## Work order
In the records below, begin at the line containing "Juliane™ | Robe en lin premium avec poches" and end at the line containing "design a wordpress"; quote every line in that span exactly, including both boundary lines, and no others.
BEGIN Entries supplied
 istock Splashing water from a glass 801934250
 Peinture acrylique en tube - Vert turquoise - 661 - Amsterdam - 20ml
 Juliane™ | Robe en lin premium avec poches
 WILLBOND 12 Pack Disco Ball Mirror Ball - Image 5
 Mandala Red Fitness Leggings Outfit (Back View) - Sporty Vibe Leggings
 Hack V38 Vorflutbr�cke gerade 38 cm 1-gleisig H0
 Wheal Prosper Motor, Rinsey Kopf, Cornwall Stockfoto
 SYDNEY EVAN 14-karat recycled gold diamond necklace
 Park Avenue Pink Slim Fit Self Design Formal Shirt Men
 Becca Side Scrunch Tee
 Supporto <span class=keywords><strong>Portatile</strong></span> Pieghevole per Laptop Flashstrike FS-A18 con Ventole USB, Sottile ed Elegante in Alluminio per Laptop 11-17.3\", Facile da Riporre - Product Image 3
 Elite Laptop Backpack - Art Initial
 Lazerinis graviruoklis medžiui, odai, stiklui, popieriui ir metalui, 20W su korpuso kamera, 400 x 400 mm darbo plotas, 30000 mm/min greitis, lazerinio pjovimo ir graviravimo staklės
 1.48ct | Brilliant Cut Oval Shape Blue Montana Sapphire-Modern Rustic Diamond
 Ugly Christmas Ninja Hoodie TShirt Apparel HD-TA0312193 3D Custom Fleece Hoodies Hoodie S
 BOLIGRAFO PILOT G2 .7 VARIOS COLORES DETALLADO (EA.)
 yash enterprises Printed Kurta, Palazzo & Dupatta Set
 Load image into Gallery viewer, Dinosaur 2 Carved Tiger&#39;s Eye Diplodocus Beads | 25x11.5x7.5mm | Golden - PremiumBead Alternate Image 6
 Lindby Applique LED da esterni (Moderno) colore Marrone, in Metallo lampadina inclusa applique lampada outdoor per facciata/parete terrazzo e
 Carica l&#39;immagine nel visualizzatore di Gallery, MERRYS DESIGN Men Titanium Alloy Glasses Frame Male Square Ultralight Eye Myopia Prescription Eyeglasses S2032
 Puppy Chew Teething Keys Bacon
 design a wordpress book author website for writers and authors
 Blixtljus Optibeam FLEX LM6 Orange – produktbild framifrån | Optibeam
END Entries supplied
## Answer space
 Juliane™ | Robe en lin premium avec poches
 WILLBOND 12 Pack Disco Ball Mirror Ball - Image 5
 Mandala Red Fitness Leggings Outfit (Back View) - Sporty Vibe Leggings
 Hack V38 Vorflutbr�cke gerade 38 cm 1-gleisig H0
 Wheal Prosper Motor, Rinsey Kopf, Cornwall Stockfoto
 SYDNEY EVAN 14-karat recycled gold diamond necklace
 Park Avenue Pink Slim Fit Self Design Formal Shirt Men
 Becca Side Scrunch Tee
 Supporto <span class=keywords><strong>Portatile</strong></span> Pieghevole per Laptop Flashstrike FS-A18 con Ventole USB, Sottile ed Elegante in Alluminio per Laptop 11-17.3\", Facile da Riporre - Product Image 3
 Elite Laptop Backpack - Art Initial
 Lazerinis graviruoklis medžiui, odai, stiklui, popieriui ir metalui, 20W su korpuso kamera, 400 x 400 mm darbo plotas, 30000 mm/min greitis, lazerinio pjovimo ir graviravimo staklės
 1.48ct | Brilliant Cut Oval Shape Blue Montana Sapphire-Modern Rustic Diamond
 Ugly Christmas Ninja Hoodie TShirt Apparel HD-TA0312193 3D Custom Fleece Hoodies Hoodie S
 BOLIGRAFO PILOT G2 .7 VARIOS COLORES DETALLADO (EA.)
 yash enterprises Printed Kurta, Palazzo & Dupatta Set
 Load image into Gallery viewer, Dinosaur 2 Carved Tiger&#39;s Eye Diplodocus Beads | 25x11.5x7.5mm | Golden - PremiumBead Alternate Image 6
 Lindby Applique LED da esterni (Moderno) colore Marrone, in Metallo lampadina inclusa applique lampada outdoor per facciata/parete terrazzo e
 Carica l&#39;immagine nel visualizzatore di Gallery, MERRYS DESIGN Men Titanium Alloy Glasses Frame Male Square Ultralight Eye Myopia Prescription Eyeglasses S2032
 Puppy Chew Teething Keys Bacon
 design a wordpress book author website for writers and authors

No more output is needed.